Segment Start: DATA RECORDS

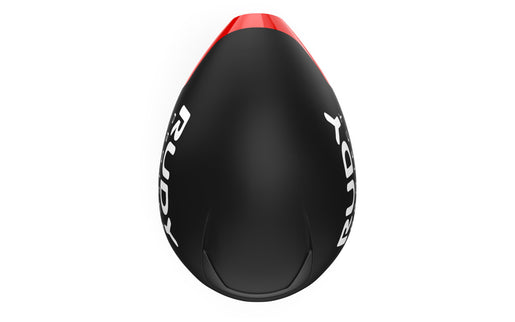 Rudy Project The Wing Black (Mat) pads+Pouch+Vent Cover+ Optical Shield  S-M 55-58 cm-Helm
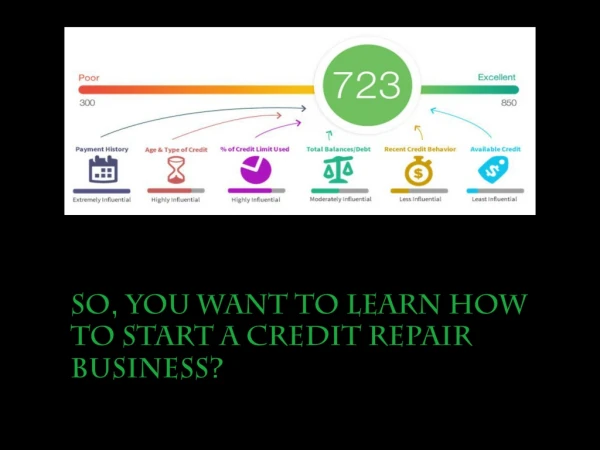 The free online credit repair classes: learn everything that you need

Segment End: DATA RECORDS
Segment Start: DATA RECORDS

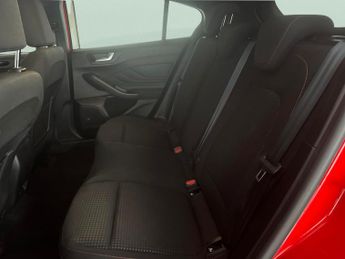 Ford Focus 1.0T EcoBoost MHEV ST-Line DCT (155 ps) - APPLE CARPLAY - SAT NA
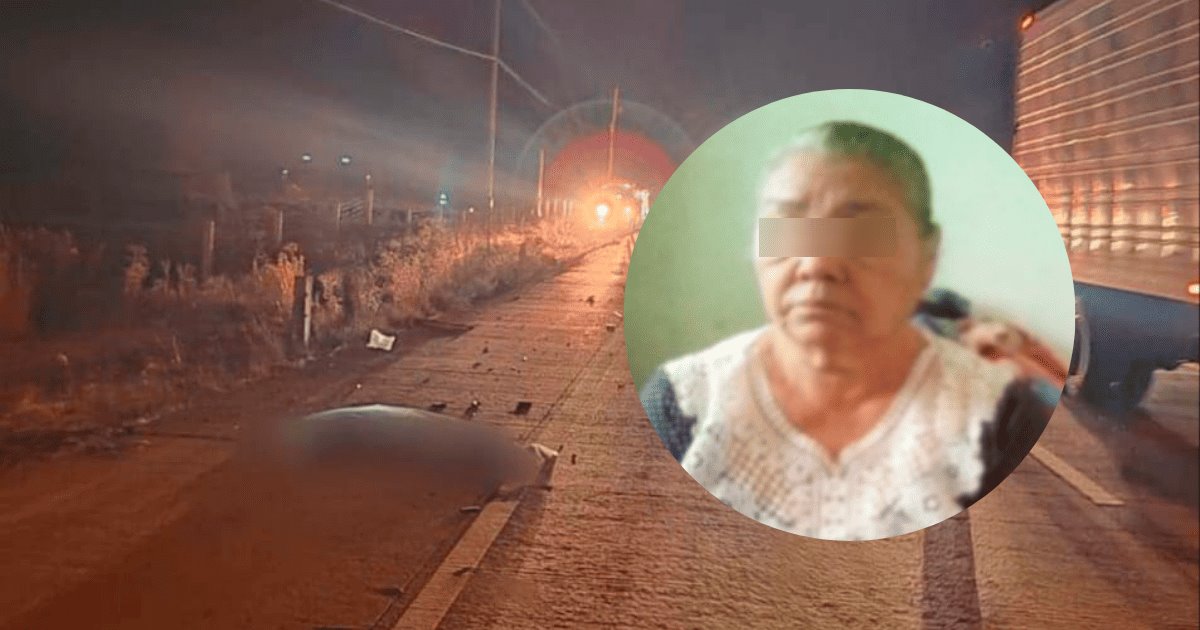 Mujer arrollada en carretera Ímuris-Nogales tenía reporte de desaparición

Segment End: DATA RECORDS

*TASK OBJECTIVE:* Copy exactly the material above from the line with "Ford Focus 1.0T" to the line with "Mujer arrollada en", ends included, and nothing else. Leave out any picture.

*SOLUTION FOR THIS TASK:*
 Ford Focus 1.0T EcoBoost MHEV ST-Line DCT (155 ps) - APPLE CARPLAY - SAT NA
 Mujer arrollada en carretera Ímuris-Nogales tenía reporte de desaparición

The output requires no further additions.